La qualità del packaging farmaceutico assume infatti un’importanza primaria, non solo per il ruolo che svolge dal punto di vista del marketing del prodotto: un confezionamento realizzato con materiali di qualità e secondo le norme applicabili assicura l’integrità della specialità medicinale e la chiarezza delle informazioni in esso riportate.

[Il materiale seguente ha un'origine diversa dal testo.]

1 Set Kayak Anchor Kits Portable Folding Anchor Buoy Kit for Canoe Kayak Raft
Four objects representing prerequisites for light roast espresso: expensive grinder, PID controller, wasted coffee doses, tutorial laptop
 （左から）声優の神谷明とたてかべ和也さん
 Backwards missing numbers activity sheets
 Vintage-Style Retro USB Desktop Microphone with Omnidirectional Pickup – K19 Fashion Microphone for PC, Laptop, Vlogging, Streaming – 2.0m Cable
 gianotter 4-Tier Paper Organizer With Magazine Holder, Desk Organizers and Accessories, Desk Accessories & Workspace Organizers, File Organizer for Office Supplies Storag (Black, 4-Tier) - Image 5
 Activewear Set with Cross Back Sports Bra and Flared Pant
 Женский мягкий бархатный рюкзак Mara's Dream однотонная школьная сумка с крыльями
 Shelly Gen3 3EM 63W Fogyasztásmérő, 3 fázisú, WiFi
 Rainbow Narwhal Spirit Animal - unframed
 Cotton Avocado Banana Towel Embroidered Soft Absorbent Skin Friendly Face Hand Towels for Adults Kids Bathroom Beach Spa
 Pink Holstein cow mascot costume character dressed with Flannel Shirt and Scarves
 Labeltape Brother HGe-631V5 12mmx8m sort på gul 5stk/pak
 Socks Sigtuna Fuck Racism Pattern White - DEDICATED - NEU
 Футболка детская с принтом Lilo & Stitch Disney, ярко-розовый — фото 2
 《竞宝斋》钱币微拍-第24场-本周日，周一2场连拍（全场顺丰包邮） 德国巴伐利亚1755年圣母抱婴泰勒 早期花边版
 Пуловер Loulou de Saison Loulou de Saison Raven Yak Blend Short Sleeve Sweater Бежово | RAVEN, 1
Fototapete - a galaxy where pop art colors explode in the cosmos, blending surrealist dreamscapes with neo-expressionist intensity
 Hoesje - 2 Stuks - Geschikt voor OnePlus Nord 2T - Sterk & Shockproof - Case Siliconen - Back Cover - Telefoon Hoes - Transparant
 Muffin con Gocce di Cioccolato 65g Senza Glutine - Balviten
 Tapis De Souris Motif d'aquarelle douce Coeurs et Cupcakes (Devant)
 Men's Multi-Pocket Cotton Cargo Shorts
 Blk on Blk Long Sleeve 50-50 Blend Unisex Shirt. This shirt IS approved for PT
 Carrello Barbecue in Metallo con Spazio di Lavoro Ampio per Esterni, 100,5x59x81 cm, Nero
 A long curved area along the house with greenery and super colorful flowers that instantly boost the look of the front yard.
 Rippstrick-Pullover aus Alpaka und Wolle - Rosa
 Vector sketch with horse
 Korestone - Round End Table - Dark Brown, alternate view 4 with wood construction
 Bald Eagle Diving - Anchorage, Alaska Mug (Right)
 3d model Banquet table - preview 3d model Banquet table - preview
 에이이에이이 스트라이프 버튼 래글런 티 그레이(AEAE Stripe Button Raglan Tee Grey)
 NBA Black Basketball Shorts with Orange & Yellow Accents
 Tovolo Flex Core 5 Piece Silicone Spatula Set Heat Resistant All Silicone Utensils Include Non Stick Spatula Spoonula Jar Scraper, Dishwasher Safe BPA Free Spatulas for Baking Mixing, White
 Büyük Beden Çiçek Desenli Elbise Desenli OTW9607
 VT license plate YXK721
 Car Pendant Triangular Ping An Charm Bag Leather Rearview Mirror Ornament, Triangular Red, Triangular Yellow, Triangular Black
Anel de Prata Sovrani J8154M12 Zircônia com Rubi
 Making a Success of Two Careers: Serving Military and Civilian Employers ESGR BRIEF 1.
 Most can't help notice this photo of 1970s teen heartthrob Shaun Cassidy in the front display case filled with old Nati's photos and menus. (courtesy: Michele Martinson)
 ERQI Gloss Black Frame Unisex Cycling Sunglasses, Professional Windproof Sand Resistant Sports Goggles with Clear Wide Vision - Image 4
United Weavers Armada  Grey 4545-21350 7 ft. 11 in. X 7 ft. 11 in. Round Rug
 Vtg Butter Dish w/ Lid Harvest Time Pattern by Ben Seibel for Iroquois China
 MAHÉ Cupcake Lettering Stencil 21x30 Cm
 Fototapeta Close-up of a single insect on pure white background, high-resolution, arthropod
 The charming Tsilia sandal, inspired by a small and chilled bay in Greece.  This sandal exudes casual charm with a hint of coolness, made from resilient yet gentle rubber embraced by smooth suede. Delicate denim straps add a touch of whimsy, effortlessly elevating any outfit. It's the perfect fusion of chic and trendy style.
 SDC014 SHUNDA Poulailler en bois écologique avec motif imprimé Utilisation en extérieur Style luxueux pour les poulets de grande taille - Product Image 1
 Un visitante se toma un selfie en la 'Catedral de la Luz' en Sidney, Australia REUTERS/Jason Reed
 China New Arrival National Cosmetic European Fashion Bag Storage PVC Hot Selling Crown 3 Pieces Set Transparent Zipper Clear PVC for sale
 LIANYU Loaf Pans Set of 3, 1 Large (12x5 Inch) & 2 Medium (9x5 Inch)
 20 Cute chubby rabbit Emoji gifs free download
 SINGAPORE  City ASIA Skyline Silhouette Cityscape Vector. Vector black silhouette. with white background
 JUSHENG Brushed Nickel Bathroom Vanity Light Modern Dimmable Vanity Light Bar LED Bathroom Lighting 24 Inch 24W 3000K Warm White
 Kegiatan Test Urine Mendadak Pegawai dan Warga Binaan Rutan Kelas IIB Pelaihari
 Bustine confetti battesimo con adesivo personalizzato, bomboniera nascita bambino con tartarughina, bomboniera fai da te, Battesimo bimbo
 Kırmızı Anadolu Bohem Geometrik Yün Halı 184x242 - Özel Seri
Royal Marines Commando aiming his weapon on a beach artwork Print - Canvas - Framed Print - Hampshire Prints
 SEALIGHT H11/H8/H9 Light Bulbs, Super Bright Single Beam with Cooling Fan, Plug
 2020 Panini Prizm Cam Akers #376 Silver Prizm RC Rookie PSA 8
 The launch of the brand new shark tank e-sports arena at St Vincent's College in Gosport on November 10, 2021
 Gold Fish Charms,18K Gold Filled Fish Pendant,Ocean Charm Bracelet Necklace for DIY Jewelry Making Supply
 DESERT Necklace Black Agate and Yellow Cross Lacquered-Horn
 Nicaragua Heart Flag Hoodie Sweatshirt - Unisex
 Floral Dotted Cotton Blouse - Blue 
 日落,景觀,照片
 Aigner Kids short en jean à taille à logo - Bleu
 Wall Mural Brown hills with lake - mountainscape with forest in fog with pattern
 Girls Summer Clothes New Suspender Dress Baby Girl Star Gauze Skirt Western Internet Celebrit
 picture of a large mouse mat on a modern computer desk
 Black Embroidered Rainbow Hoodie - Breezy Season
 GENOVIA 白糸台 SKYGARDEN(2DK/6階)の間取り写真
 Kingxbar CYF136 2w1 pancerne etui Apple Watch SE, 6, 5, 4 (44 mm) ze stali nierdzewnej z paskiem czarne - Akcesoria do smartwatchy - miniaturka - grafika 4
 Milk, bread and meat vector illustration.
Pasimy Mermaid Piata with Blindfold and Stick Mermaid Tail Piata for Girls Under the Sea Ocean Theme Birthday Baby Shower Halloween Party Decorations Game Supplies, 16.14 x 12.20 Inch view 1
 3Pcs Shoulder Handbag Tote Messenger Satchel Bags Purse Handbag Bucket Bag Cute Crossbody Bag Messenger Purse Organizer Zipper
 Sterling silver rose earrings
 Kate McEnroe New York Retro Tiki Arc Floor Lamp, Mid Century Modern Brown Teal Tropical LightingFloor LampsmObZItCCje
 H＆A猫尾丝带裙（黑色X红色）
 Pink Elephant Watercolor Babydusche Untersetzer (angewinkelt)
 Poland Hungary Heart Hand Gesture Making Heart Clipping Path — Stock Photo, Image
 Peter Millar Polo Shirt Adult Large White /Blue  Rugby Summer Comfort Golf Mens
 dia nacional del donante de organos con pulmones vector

La normativa relativa packaging farmaceutico prevede infatti che il confezionamento dei medicinali risponda a requisiti ben precisi.

Confezionamento primario

Il confezionamento primario, quello cioè a diretto contatto con il farmaco, deve adattarsi perfettamente ad esso, in modo da garantire l’integrità del prodotto, impedendo la contaminazione da parte di agenti esterni e non presentando, esso stesso, caratteristiche che possano alterarlo. Deve inoltre essere in grado di resistere in maniera efficace alle condizioni ambientali esterne, proteggendo il medicinale dalla luce e dall’aria. Infine deve assicurare al prodotto un’adeguata protezione durante gli spostamenti che può subire, ad esempio all’interno della farmacia o in ambito domestico.

Confezionamento secondario

Diversa è invece la funzione del confezionamento secondario. Si tratta nella maggior parte dei casi di una scatola di cartone, che può contenere confezionamenti primari di diversa natura, come blister, flaconcini, flaconi, bustine ecc. Questo confezionamento svolge anch’esso un’ulteriore funzione di protezione dagli agenti esterni e dalle condizioni ambientali e durante il trasporto.

Tuttavia, la funzione principale del confezionamento secondario è la veicolazione delle informazioni sul medicinale. Se infatti, sul confezionamento primario è possibile includere solo i dati principali del farmaco (la denominazione, il principio attivo, il dosaggio, la data di scadenza e il numero di lotto), il confezionamento secondario può contenere maggiori informazioni, come ad esempio il titolare AIC, gli eccipienti noti ed eventuali avvertenze di sicurezza.

Ma la funzione più importante del confezionamento secondario è senz’altro quella della comunicazione: la produzione del packaging farmaceutico deve cioè considerare che il confezionamento secondario rappresenta il primo impatto dell’utilizzatore con il prodotto. Questo deve dunque essere visivamente caratterizzato in modo tale da rendere il medicinale immediatamente riconoscibile, anche se le sue caratteristiche grafiche sono comunque ben regolamentate.

Per questo, la disponibilità di nuove tipologie di packaging farmaceutico innovativo è oggi molto importante, come ad esempio il packaging farmaceutico sostenibile ottenuto da risorse biodegradabili o riciclabili.

Purtroppo, sono molte le variabili che rendono difficile l’elaborazione del confezionamento delle specialità medicinali. I requisiti stringenti che esso deve possedere, come ad esempio la grandezza delle font, e la necessità che qualsiasi modifica – grafica o di contenuto – debba essere preventivamente approvata dall’autorità competente, ne rallentano la produzione e ne limitano le possibilità di veicolare le informazioni in maniera incisiva.

Molte aziende farmaceutiche preferiscono allora affidarsi a provider specializzati, che offrono servizi di grafica farmaceutica accanto a quelli più strettamente legati all’autorizzazione del medicinale, e che dispongono di strumenti adeguati per la realizzazione del packaging farmaceutico ma anche della competenza relativa a tutte le norme che regolano questo delicato aspetto della commercializzazione dei medicinali.